Kevin turns a key in the wall behind the R360, which switches on a blue flashing light. He says the machine requires three-phase power, something typically only used in industrial or commercial settings, so he has it hooked up to a generator in the garage next door, which he can activate by turning the key. Then he flicks some switches on the attendant’s tower to boot the R360 into its safety sequence.
The machine is surrounded by pressure-sensitive floor panels, which he steps on to check they’re working; if anyone tries to approach while it’s in motion, the panels immediately stop the game. There’s also a big red emergency stop button inside, as well as one on the attendant’s tower, and light sensors can detect if a player puts an arm or leg outside the cockpit, immediately ceasing operation if it happens.

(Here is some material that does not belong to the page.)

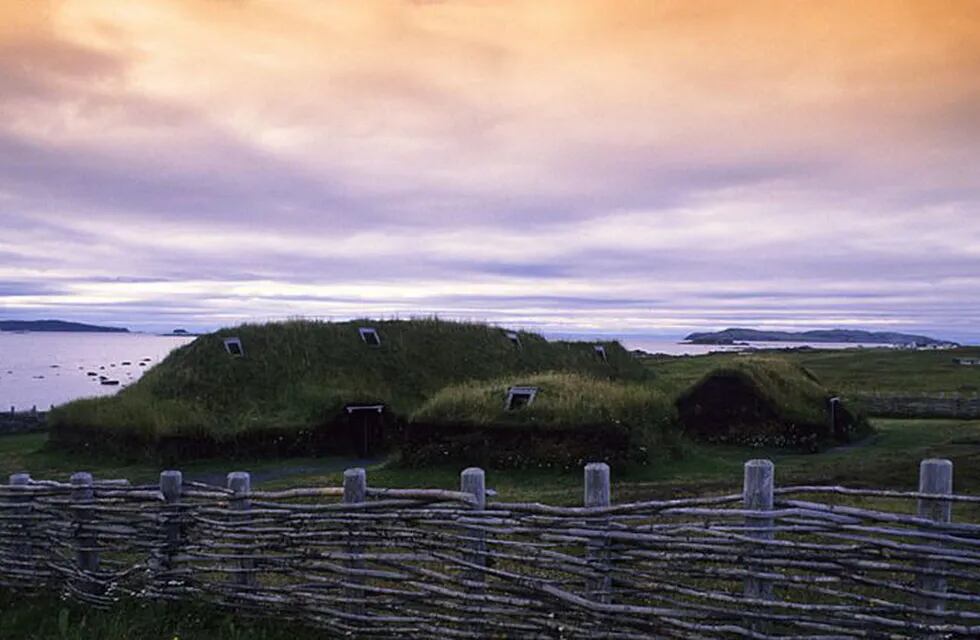 Parte de las ruinas supuestamente vikingas en L'anse aux Meadows, Canadá.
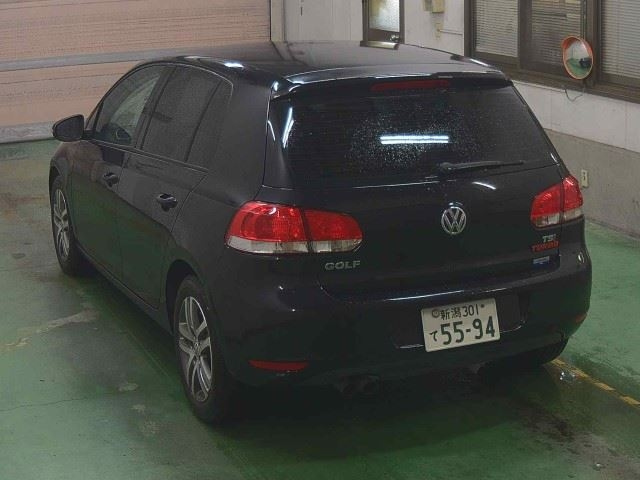 VOLKSWAGEN GOLF 2009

Kevin explains that theoretically, the R360 could operate without an attendant, with players simply dropping their money in a coin slot, but in practice, an attendant was almost always present. It’s too dangerous otherwise. And no arcade wants to take the risk of leaving customers potentially stuck upside down.

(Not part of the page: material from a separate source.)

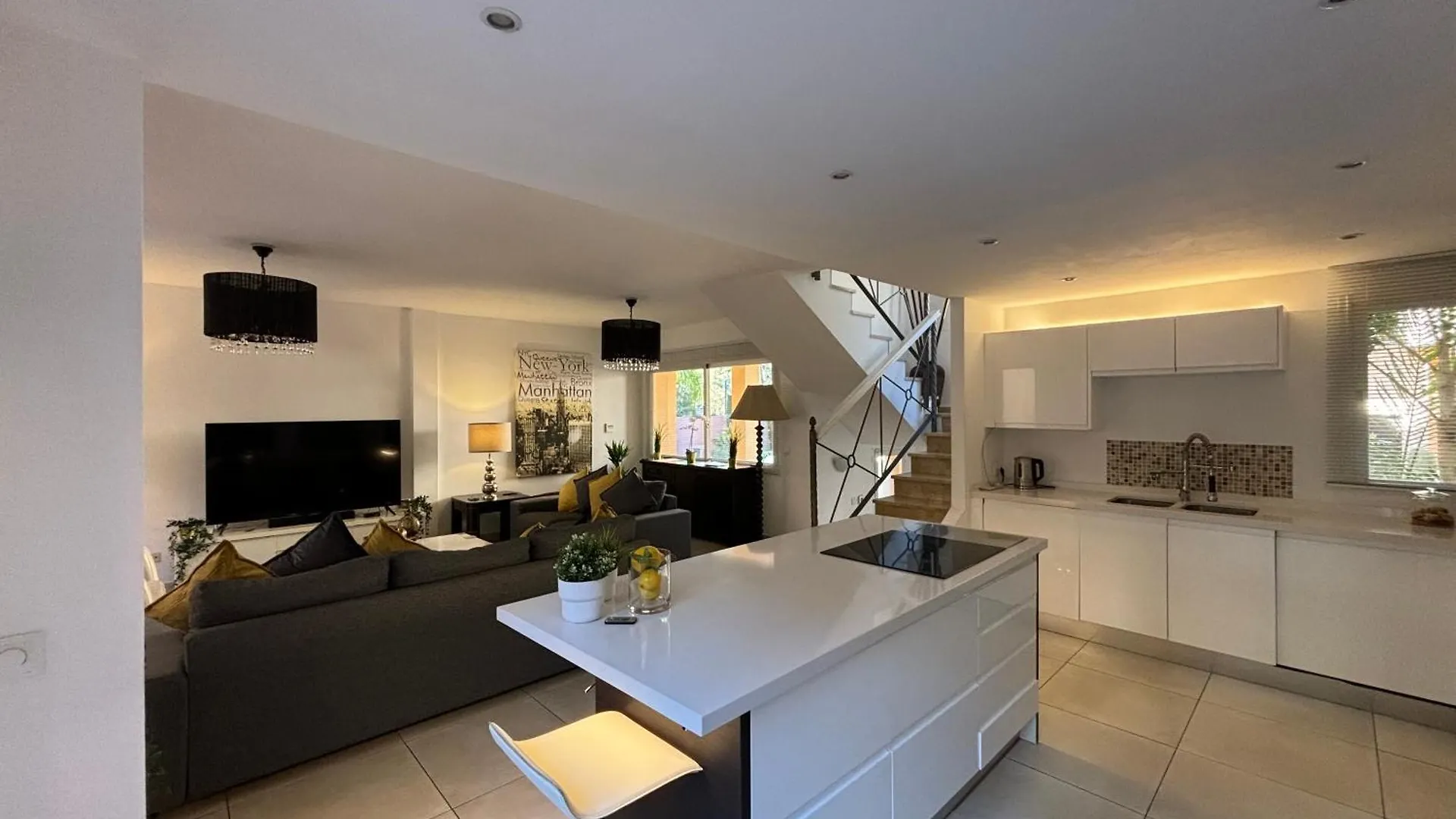Condes De Iza Nueva Andalucia Villa Marbella 0*,  İspanya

The machine powers through its start-up sequence, pivoting smoothly this way and that. It looks fantastic, a spinning silver ball resembling some enigmatic device on a sci-fi spaceship or an astronaut training machine made by NASA. It’s hard to believe that it’s over 30 years old – it still looks futuristic even now. And it felt like the future back in 1990, promising a new era of the arcade that would take video games to dizzying heights of excitement, literally turning players on their heads.
Kevin has been collecting and restoring arcade games for 40 years, and he has an incredible private collection of rare and unusual coin-ups, including some fascinating electro-mechanical machines from the early days of arcade entertainment – like Sega’s Rifleman from 1968. But for the past couple of decades, he has become something of a specialist at repairing the R360.
It’s a rare machine. No one knows exactly how many were made, but it’s estimated to be somewhere between 100 and 200 and more likely to be at the bottom end of that range. The R360 was first unveiled to the public in July 1990 and started appearing in a few of Sega’s Japanese arcades later that year. It began to be exported to the rest of the world in 1991, and R360s have popped up everywhere, from Gran Canaria to Australia and from Chile to Kuwait. Only the very biggest venues could afford one, though. No official figures are available, but Kevin thinks a new R360 would have retailed for between $90,000 and $100,000.
Initially, the R360 was shipped with the game G-LOC Air Battle, a spin-off from the After Burner series with some seriously gorgeous super-scaler graphics. The aim was to shoot down as many planes as possible within a strict time limit, and the R360 would tilt and rock as you manoeuvred your plane around, even going into a full spin if your plane was hit. It wasn’t for the faint of stomach, but it was an intense rush, the likes of which hadn’t been seen in an arcade before.
After Burner had launched in 1987 with hydraulic motion technology that rocked and tilted the player, but the game’s designer Yu Suzuki has said that even at the start of that game’s development, “I was already wanting to make a gyroscopic cabinet like the R360.” Suzuki had a key role in Sega’s arcade division and was behind many of the company’s hits, including Space Harrier and Out Run. He constantly pushed for arcade innovation, resulting not only in G-LOC and the R360, but also the breakthrough into 3D with games like Virtua Racing (1992) and Virtua Fighter (1993).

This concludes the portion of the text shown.